Armenian law requires virtually all men aged between 18 and 27 to serve in the armed forces for two years. A Defense Ministry bill circulated last month would shorten this period to just four and a half months for draftees paying the state 24 million drams ($60,000).
Representatives of the country’s leading opposition forces have condemned the proposed arrangement as unfair and dangerous for national security. They have warned of the emergence of a new social division in the country.
Pashinian dismissed the criticism late last week. He said the bill, which has yet to be formally approved by his cabinet, is consistent with his pledges to gradually make the Armenia’s conscription-based military fully “professional.”
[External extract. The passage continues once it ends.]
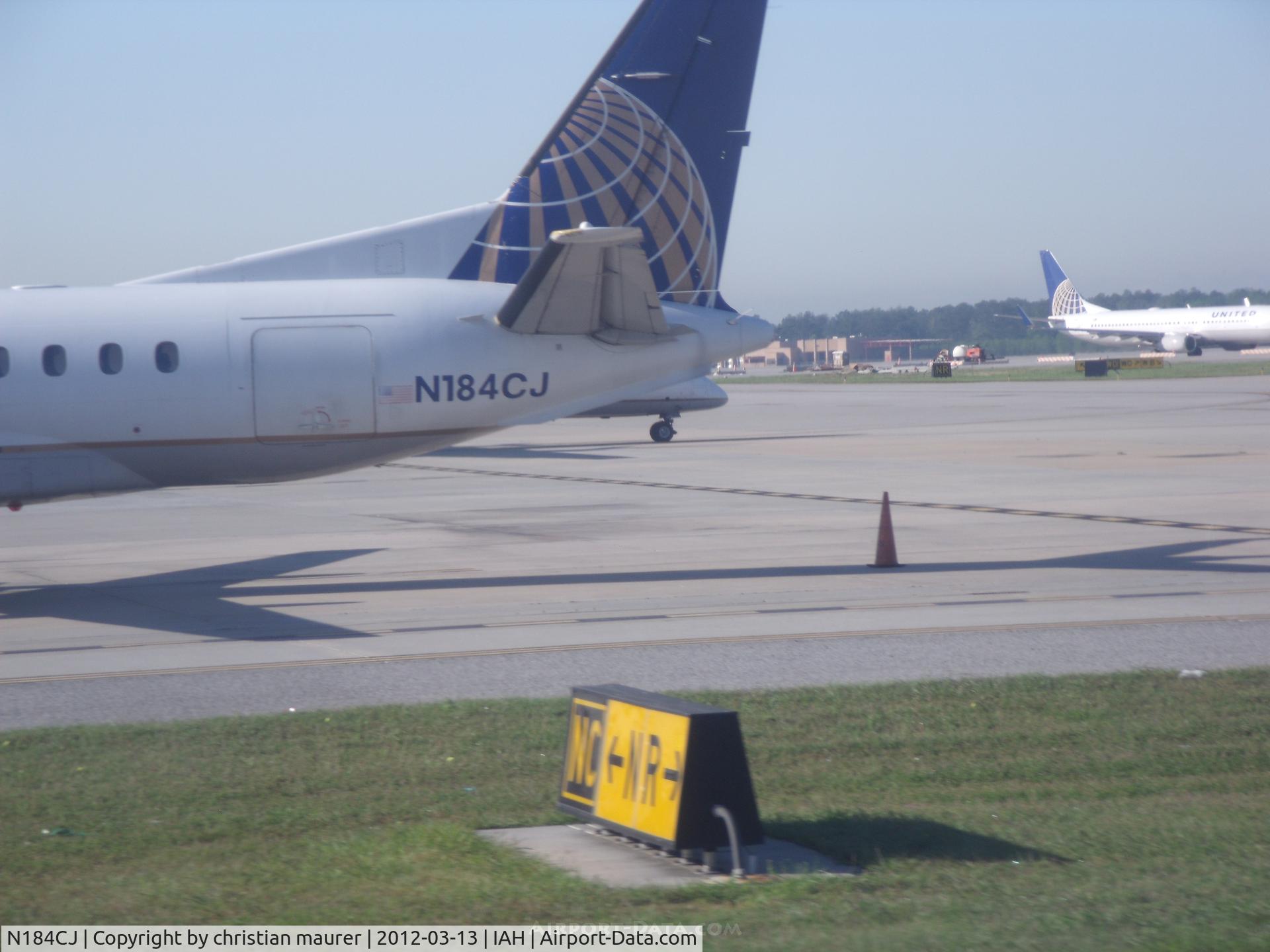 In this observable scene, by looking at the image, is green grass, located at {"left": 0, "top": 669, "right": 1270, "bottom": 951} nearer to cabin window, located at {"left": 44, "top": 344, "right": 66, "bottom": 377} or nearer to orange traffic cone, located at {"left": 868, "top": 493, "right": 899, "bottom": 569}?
orange traffic cone, located at {"left": 868, "top": 493, "right": 899, "bottom": 569}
“One gets the impression that before this law everyone served in the military regardless of his social class. Let us confess that at some point only representatives of the socially vulnerable strata served on the frontline.”
“With the money paid by one conscript we would be able to have one or two highly skilled and professional soldiers,” he said.
“There is no bill on 24 million drams, there is a bill on transition to a professional army,” Andranik Kocharian, the chairman of the parliament committee on defense and security, claimed on Monday.
Kocharian could not come up with any estimates of the percentage of conscripts who would likely pay the hefty fee and the number of new contract soldiers that would be attracted with that money.
In an explanatory note attached to the bill, the Defense Ministry said proceeds from this scheme would be used for at least doubling the wages of the Armenian army’s contract soldiers. This, it said, would also make volunteer military service more attractive to other citizens.
Seyran Ohanian, a former defense minister and senior lawmaker from the main opposition Hayastan alliance, again dismissed this line of reasoning. He insisted that pay rises for military personnel could and should be financed from the state budget.
Ohanian also said that Armenia cannot afford such an arrangement given the grave security challenges facing it.
“For example, Israel is a country like ours, surrounded by adversaries,” he told RFE/RL’s Armenian Service. “Why is it that they have full conscription and even draft women?”
“Also, many European countries where [security] issues have emerged of late now want to restore compulsory military service, whereas our authorities want to abolish compulsory service,” argued the retired general.